Why is he taking us down this memory lane, you may wonder? It's because our today government is set to take a cue from as it was then. There goes another reason why we can't despise history since it always offer us a book to borrow a leave from. It became expedient to exhume this example which occurred during Gen Obasanjo's regime of February 1976 to September 1979 in order to assure the current government that it can succeed in its determination to travel a similar road.
If the military junta succeeded then, this government can succeed as well. All it requires is tenacity and unity of purpose. Yes, the present government is set to thread the trail blazed by Gen Obasanjo and his co travellers. This it did by declaring, last Wednesday, that all vehicles to be purchased by it would be from local assembly plants, except those so specialised that they could not be produced in the country.
This is captured under the Automotive Industrial Policy Development Plan for the country which hopes to significantly reduce the high vehicle importation bill in the country that stands at $3.4bn (N550bn) in 2012 rising from the N4.2bn spent for the same purpose in 2010. These figures are major capital flights that cannot but have a devastating impact on any nation's foreign reserve.
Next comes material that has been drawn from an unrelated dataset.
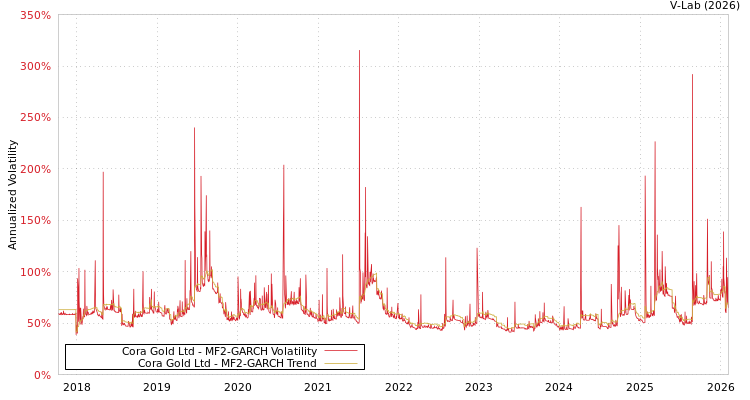 graph of Cora Gold Ltd MF2-GARCH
And it goes beyond its pillage on the foreign reserve to also destroying the local economy. But were there to be functional car assembly plants in the country, that will automatically attract companies that manufacture tyres and other ancillary parts of automobiles, creating job opportunities in the process. It would also provide the much-needed stimulus which will revive our comatose steel industry. Eventually, it would lower the price of automobiles such that Nigerians can easily afford them.
A situation where the foregoing obtains remain a veritable sine qua non for a buoyant economy. Granted that I'm not an economist to effectively correlate them, some of the things I know for sure is that if government stays true to this propitious policy, there would be great investments in flow that would in turn create lots of job opportunities in the country. And, in the long run, it will be a source of revenue generation to government through the payment of tax.
The Minister of Industry, Trade and Investment, Olusegun Aganga disclosed this much when he said: “A transformed automotive industry will realise its potential as a major driver of economic growth and diversification, job creation, local value addition, and technology acquisition."
That part on economy diversification thrills me unend because if there is any economy in the world that needs diversification, it is absolutely that of Nigeria. This is owing to our dwindling oil revenue occasioned by oil theft and the fact that the world is shifting focus from our type of oil deposits to shale oil. Not minding we've been trying to achieve diversification through agriculture, the word itself would better attain its true meaning if automobile manufacturing is thrown into the potpourri.
This new policy deserves to be so welcomed that anything detracting from it should not be welcomed. That's why I'm not happy with the proviso in the policy statement which holds: "...unless it is specialised in nature and the NAC has certified that it is not produced in Nigeria."
Must they drive in such specialised vehicles? Aren't we in the same age with Jose Mujica, Uruguay's 40th president, who would rather drive around in a 1987 model of Volkswagen Beetle? My major grouse with this stipulation is that our politicians can easily take advantage of it. Being who they are, they can use it as an excuse to continue importing exquisite cars from outside our shores. Such that when asked, they will readily tell you that the car in question is specialised and have been certified as not being produced in the country.
In the republic of South Africa, the government in that country drives or buys no other cars except the ones assembled in South Africa. This is notwithstanding the specialised nature or otherwise of whatever vehicle is to be bought. This disposition of South Africa explains why Toyota, Mercedes and BMW all have assembly plants in that country that has a population of 50million and not Nigeria that is populated by close to 170million people.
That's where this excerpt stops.